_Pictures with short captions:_

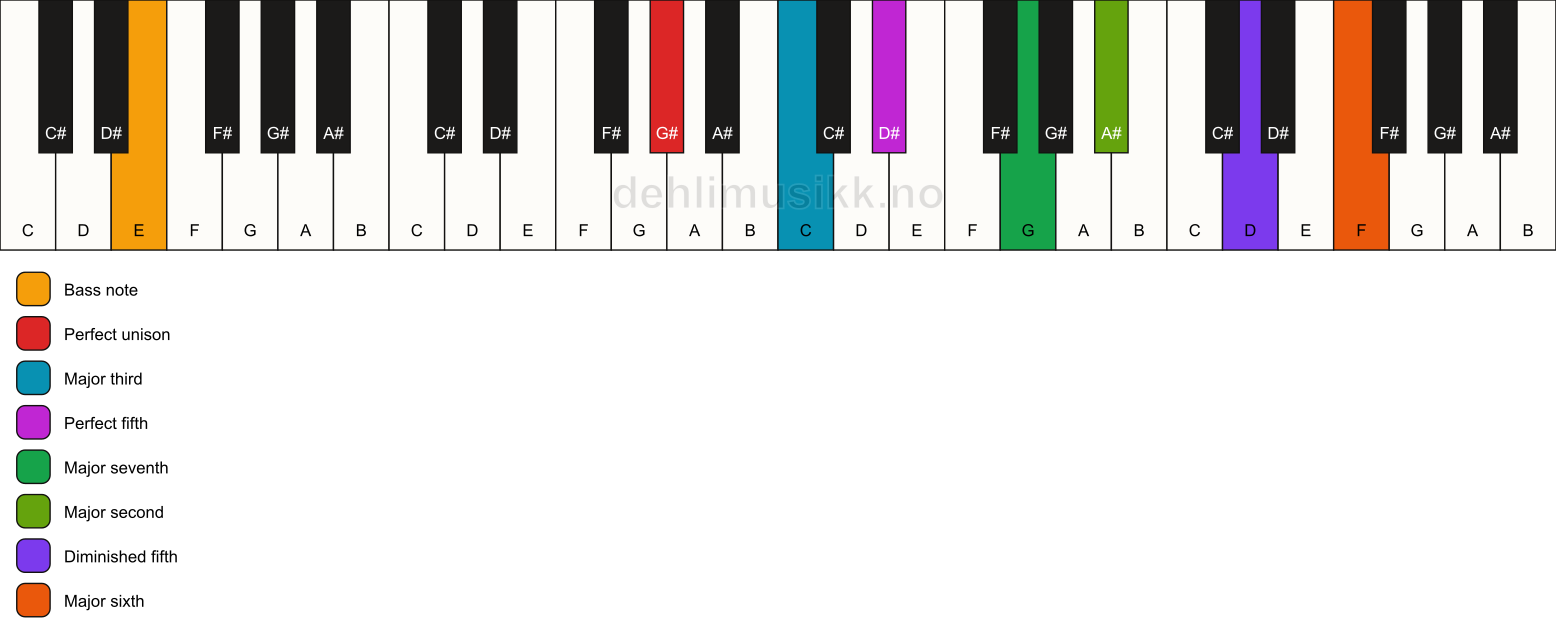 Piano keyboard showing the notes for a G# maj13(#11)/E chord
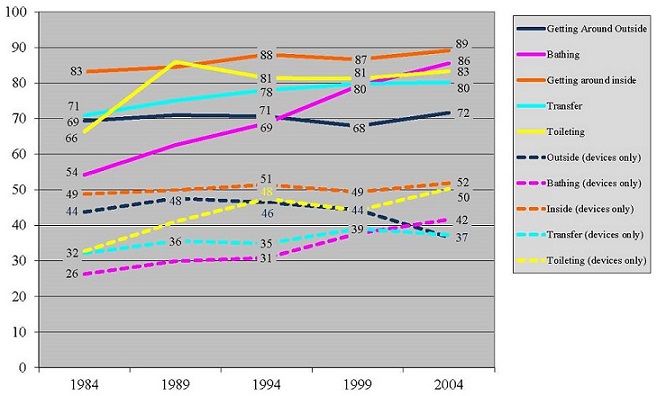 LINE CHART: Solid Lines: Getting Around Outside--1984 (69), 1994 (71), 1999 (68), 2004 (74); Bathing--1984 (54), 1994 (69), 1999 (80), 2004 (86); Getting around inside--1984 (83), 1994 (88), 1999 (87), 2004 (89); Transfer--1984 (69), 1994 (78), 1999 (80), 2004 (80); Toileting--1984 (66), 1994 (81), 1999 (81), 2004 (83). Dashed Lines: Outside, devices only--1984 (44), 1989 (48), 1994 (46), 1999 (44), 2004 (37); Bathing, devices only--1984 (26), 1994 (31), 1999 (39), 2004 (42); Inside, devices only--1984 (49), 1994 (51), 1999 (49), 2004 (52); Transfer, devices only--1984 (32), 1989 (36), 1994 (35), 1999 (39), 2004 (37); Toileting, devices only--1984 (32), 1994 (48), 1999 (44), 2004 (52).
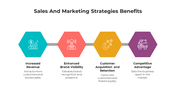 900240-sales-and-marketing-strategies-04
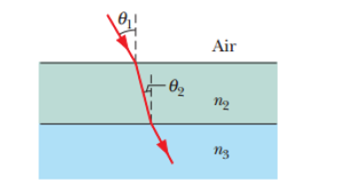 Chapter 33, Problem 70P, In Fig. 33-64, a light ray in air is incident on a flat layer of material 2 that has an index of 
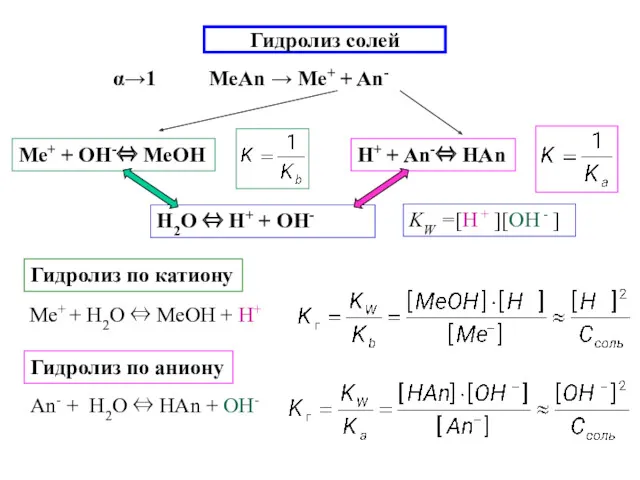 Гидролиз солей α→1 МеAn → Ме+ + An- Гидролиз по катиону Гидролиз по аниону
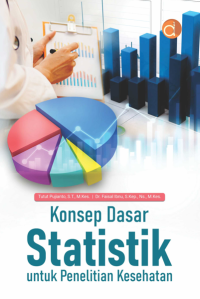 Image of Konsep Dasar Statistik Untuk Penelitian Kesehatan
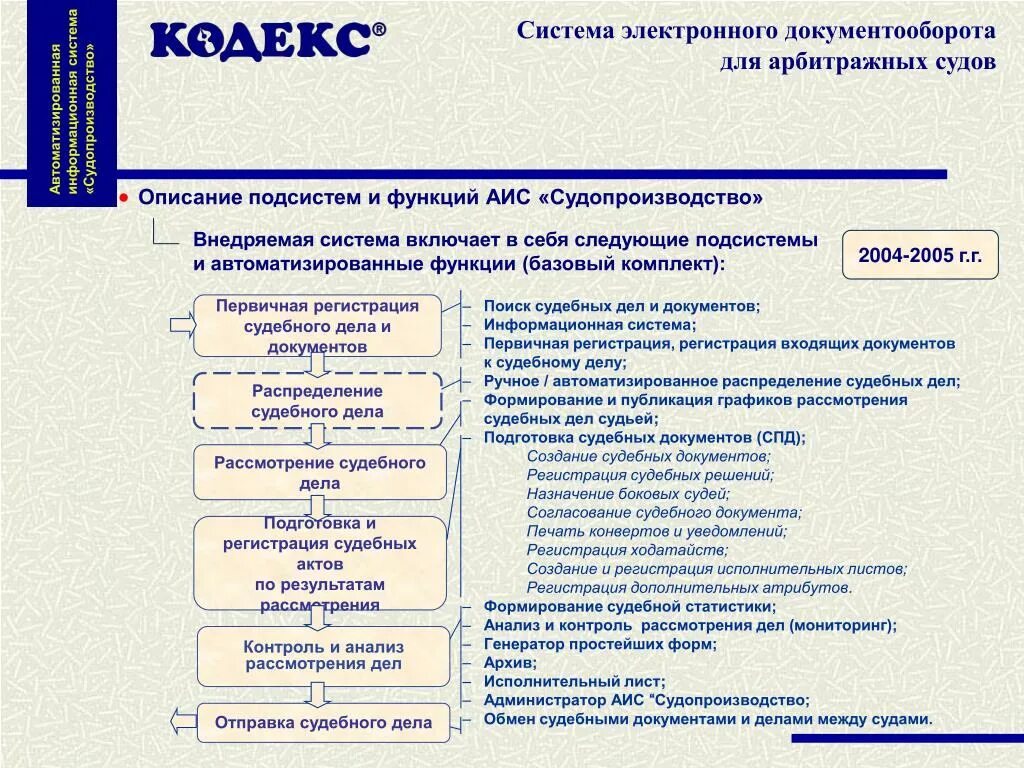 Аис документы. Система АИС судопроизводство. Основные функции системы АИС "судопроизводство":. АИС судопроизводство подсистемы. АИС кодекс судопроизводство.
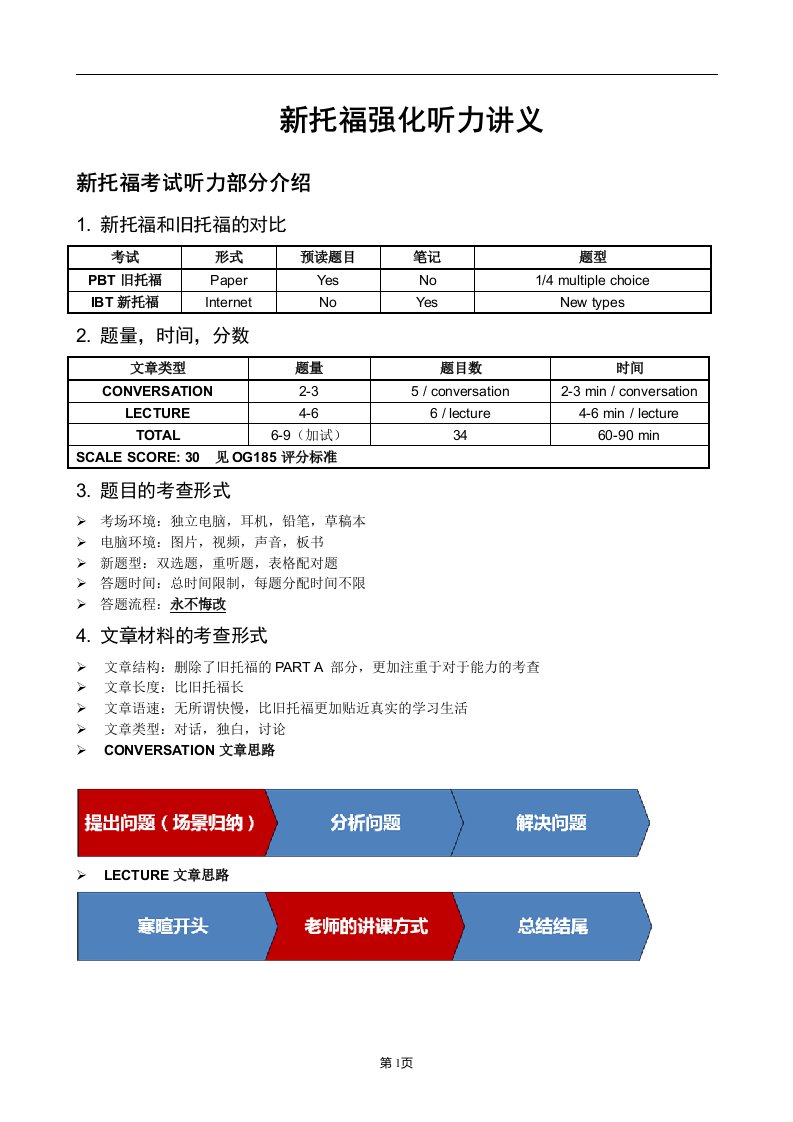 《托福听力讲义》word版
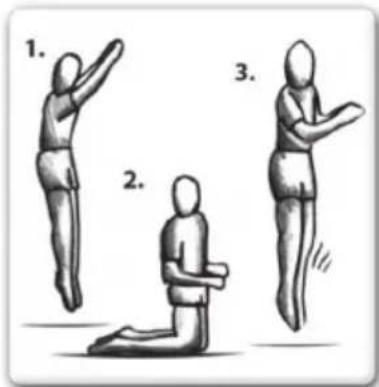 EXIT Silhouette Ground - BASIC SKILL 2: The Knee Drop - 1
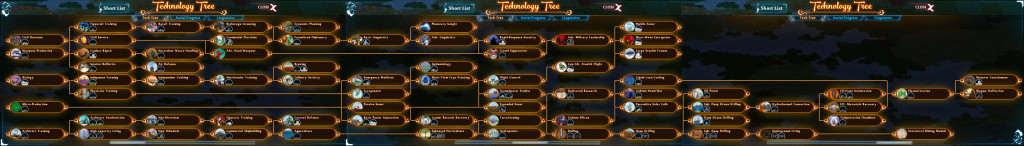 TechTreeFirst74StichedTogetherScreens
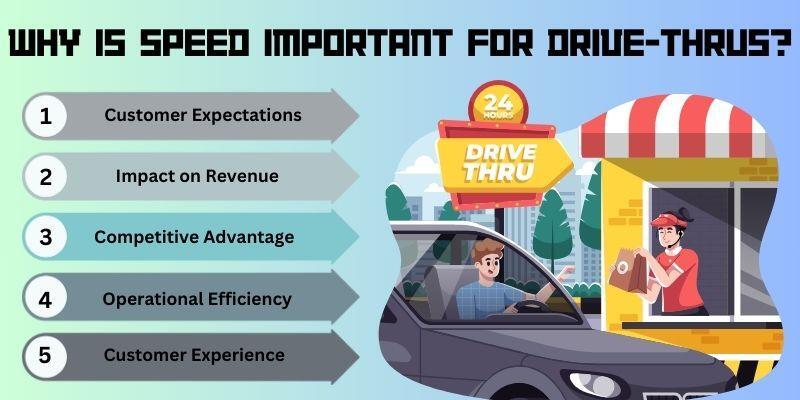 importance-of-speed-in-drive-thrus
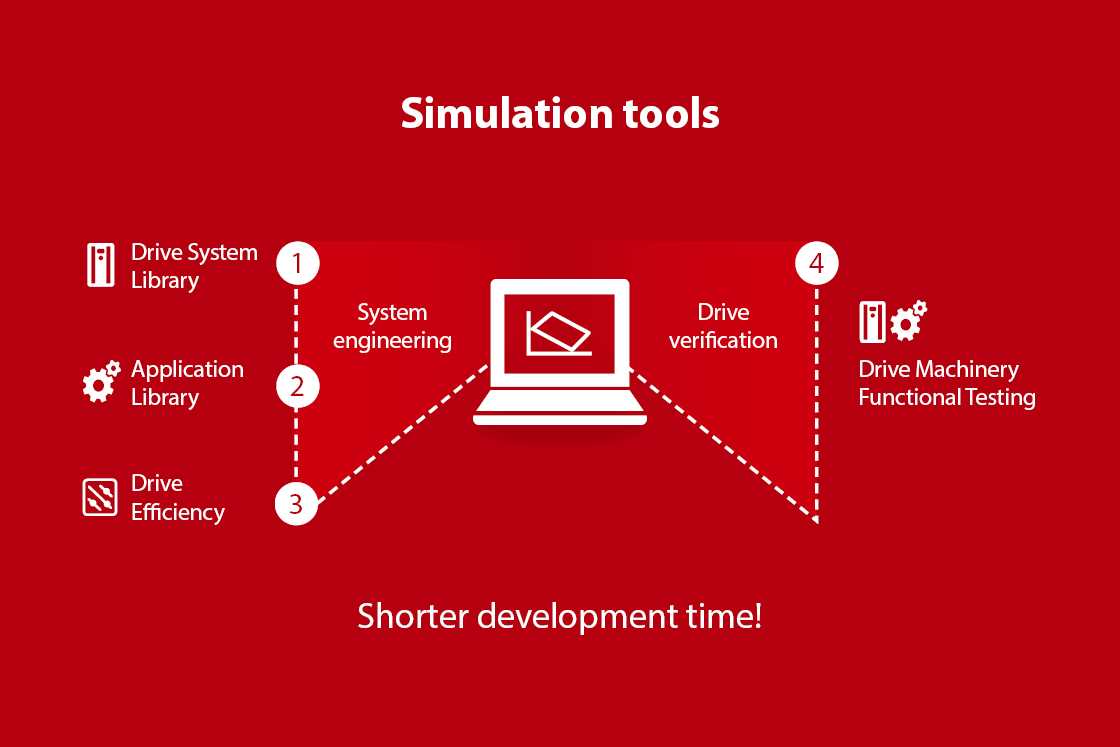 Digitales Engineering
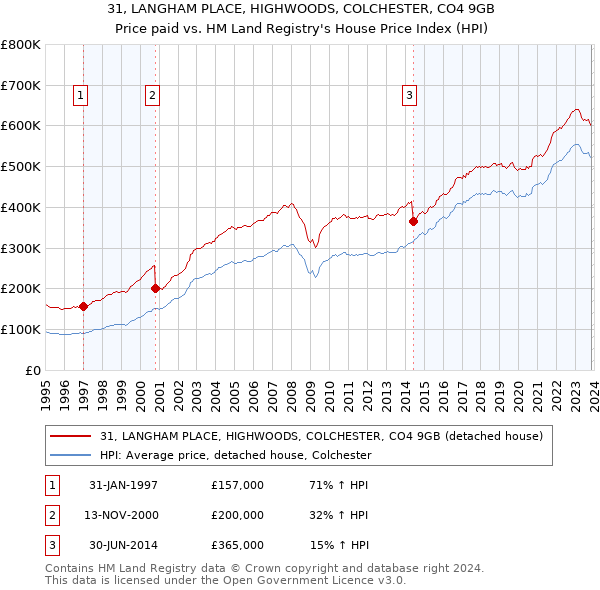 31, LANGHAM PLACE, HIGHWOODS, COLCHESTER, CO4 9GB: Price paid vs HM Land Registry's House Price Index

_WHAT NEEDS TO BE DONE:_ Your reply must hold only the lines from the line containing "EXIT Silhouette Ground" through the end of the records above, written out exactly, both ends included, with no pictures, please.

_SOLUTION FOR THIS EXERCISE:_
 EXIT Silhouette Ground - BASIC SKILL 2: The Knee Drop - 1
 TechTreeFirst74StichedTogetherScreens
 importance-of-speed-in-drive-thrus
 Digitales Engineering
 31, LANGHAM PLACE, HIGHWOODS, COLCHESTER, CO4 9GB: Price paid vs HM Land Registry's House Price Index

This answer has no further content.